» **Your assignment**
With no line left out, restate the data word for word.

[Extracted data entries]
┄┄┄┄┄┄

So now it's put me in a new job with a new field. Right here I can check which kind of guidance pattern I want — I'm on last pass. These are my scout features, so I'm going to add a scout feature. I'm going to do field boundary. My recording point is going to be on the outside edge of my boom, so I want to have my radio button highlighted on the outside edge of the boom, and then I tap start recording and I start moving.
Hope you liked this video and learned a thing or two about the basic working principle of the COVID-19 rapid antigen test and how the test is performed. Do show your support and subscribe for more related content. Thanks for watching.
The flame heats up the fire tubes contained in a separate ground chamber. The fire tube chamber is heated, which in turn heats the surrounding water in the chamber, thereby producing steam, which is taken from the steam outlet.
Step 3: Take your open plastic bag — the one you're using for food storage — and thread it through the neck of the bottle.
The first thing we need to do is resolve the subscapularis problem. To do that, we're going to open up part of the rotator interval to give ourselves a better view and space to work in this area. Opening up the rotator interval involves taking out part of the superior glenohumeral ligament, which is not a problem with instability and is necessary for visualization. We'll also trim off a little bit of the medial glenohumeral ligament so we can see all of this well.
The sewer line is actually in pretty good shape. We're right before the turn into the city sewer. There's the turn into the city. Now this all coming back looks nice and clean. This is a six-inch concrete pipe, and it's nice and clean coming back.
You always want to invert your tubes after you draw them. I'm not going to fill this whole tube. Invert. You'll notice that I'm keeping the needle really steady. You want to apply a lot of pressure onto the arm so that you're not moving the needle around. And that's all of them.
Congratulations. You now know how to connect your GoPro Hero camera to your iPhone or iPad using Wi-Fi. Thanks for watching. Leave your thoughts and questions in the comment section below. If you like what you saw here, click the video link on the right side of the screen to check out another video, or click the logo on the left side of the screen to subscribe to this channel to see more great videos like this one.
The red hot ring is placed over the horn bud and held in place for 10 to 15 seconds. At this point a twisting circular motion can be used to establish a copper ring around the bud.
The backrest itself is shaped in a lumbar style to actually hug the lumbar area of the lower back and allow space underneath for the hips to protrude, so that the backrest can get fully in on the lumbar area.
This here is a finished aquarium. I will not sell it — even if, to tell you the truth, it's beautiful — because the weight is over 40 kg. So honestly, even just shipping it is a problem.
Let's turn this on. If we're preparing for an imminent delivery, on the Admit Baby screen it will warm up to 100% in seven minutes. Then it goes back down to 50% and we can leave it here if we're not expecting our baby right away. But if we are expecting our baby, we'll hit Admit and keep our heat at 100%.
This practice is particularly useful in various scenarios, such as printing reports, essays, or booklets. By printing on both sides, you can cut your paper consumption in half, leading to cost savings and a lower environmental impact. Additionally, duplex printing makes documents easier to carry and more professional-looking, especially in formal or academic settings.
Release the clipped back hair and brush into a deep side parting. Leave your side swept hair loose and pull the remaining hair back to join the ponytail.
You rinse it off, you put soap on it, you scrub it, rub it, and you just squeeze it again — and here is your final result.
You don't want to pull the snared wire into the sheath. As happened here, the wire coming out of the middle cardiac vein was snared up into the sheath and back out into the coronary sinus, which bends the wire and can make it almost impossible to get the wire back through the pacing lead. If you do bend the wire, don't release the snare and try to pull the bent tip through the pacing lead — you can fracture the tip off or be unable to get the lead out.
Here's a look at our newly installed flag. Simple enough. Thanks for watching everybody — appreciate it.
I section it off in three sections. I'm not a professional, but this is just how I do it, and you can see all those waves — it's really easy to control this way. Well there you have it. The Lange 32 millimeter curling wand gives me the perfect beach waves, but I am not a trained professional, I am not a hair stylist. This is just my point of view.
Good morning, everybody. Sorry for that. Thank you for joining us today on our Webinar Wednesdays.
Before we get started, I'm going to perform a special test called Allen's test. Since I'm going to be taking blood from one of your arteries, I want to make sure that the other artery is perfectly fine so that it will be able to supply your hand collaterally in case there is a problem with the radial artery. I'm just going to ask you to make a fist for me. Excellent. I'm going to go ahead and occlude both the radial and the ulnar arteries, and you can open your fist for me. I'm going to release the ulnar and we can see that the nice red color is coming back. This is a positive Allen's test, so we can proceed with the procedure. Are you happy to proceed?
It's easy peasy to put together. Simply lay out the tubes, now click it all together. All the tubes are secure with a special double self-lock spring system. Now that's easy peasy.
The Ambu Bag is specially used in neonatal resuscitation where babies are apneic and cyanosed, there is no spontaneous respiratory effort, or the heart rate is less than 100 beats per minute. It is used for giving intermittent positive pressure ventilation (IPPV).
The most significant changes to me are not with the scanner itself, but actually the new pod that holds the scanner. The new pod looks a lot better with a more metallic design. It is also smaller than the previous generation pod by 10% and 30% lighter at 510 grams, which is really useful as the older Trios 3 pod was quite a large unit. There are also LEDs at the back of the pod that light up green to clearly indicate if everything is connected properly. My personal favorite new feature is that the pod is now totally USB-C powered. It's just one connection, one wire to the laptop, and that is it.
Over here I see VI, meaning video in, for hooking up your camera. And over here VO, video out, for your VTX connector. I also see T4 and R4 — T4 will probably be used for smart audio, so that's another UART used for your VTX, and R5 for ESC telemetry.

┄┄┄┄┄┄

» **Answer section**
So now it's put me in a new job with a new field. Right here I can check which kind of guidance pattern I want — I'm on last pass. These are my scout features, so I'm going to add a scout feature. I'm going to do field boundary. My recording point is going to be on the outside edge of my boom, so I want to have my radio button highlighted on the outside edge of the boom, and then I tap start recording and I start moving.
Hope you liked this video and learned a thing or two about the basic working principle of the COVID-19 rapid antigen test and how the test is performed. Do show your support and subscribe for more related content. Thanks for watching.
The flame heats up the fire tubes contained in a separate ground chamber. The fire tube chamber is heated, which in turn heats the surrounding water in the chamber, thereby producing steam, which is taken from the steam outlet.
Step 3: Take your open plastic bag — the one you're using for food storage — and thread it through the neck of the bottle.
The first thing we need to do is resolve the subscapularis problem. To do that, we're going to open up part of the rotator interval to give ourselves a better view and space to work in this area. Opening up the rotator interval involves taking out part of the superior glenohumeral ligament, which is not a problem with instability and is necessary for visualization. We'll also trim off a little bit of the medial glenohumeral ligament so we can see all of this well.
The sewer line is actually in pretty good shape. We're right before the turn into the city sewer. There's the turn into the city. Now this all coming back looks nice and clean. This is a six-inch concrete pipe, and it's nice and clean coming back.
You always want to invert your tubes after you draw them. I'm not going to fill this whole tube. Invert. You'll notice that I'm keeping the needle really steady. You want to apply a lot of pressure onto the arm so that you're not moving the needle around. And that's all of them.
Congratulations. You now know how to connect your GoPro Hero camera to your iPhone or iPad using Wi-Fi. Thanks for watching. Leave your thoughts and questions in the comment section below. If you like what you saw here, click the video link on the right side of the screen to check out another video, or click the logo on the left side of the screen to subscribe to this channel to see more great videos like this one.
The red hot ring is placed over the horn bud and held in place for 10 to 15 seconds. At this point a twisting circular motion can be used to establish a copper ring around the bud.
The backrest itself is shaped in a lumbar style to actually hug the lumbar area of the lower back and allow space underneath for the hips to protrude, so that the backrest can get fully in on the lumbar area.
This here is a finished aquarium. I will not sell it — even if, to tell you the truth, it's beautiful — because the weight is over 40 kg. So honestly, even just shipping it is a problem.
Let's turn this on. If we're preparing for an imminent delivery, on the Admit Baby screen it will warm up to 100% in seven minutes. Then it goes back down to 50% and we can leave it here if we're not expecting our baby right away. But if we are expecting our baby, we'll hit Admit and keep our heat at 100%.
This practice is particularly useful in various scenarios, such as printing reports, essays, or booklets. By printing on both sides, you can cut your paper consumption in half, leading to cost savings and a lower environmental impact. Additionally, duplex printing makes documents easier to carry and more professional-looking, especially in formal or academic settings.
Release the clipped back hair and brush into a deep side parting. Leave your side swept hair loose and pull the remaining hair back to join the ponytail.
You rinse it off, you put soap on it, you scrub it, rub it, and you just squeeze it again — and here is your final result.
You don't want to pull the snared wire into the sheath. As happened here, the wire coming out of the middle cardiac vein was snared up into the sheath and back out into the coronary sinus, which bends the wire and can make it almost impossible to get the wire back through the pacing lead. If you do bend the wire, don't release the snare and try to pull the bent tip through the pacing lead — you can fracture the tip off or be unable to get the lead out.
Here's a look at our newly installed flag. Simple enough. Thanks for watching everybody — appreciate it.
I section it off in three sections. I'm not a professional, but this is just how I do it, and you can see all those waves — it's really easy to control this way. Well there you have it. The Lange 32 millimeter curling wand gives me the perfect beach waves, but I am not a trained professional, I am not a hair stylist. This is just my point of view.
Good morning, everybody. Sorry for that. Thank you for joining us today on our Webinar Wednesdays.
Before we get started, I'm going to perform a special test called Allen's test. Since I'm going to be taking blood from one of your arteries, I want to make sure that the other artery is perfectly fine so that it will be able to supply your hand collaterally in case there is a problem with the radial artery. I'm just going to ask you to make a fist for me. Excellent. I'm going to go ahead and occlude both the radial and the ulnar arteries, and you can open your fist for me. I'm going to release the ulnar and we can see that the nice red color is coming back. This is a positive Allen's test, so we can proceed with the procedure. Are you happy to proceed?
It's easy peasy to put together. Simply lay out the tubes, now click it all together. All the tubes are secure with a special double self-lock spring system. Now that's easy peasy.
The Ambu Bag is specially used in neonatal resuscitation where babies are apneic and cyanosed, there is no spontaneous respiratory effort, or the heart rate is less than 100 beats per minute. It is used for giving intermittent positive pressure ventilation (IPPV).
The most significant changes to me are not with the scanner itself, but actually the new pod that holds the scanner. The new pod looks a lot better with a more metallic design. It is also smaller than the previous generation pod by 10% and 30% lighter at 510 grams, which is really useful as the older Trios 3 pod was quite a large unit. There are also LEDs at the back of the pod that light up green to clearly indicate if everything is connected properly. My personal favorite new feature is that the pod is now totally USB-C powered. It's just one connection, one wire to the laptop, and that is it.
Over here I see VI, meaning video in, for hooking up your camera. And over here VO, video out, for your VTX connector. I also see T4 and R4 — T4 will probably be used for smart audio, so that's another UART used for your VTX, and R5 for ESC telemetry.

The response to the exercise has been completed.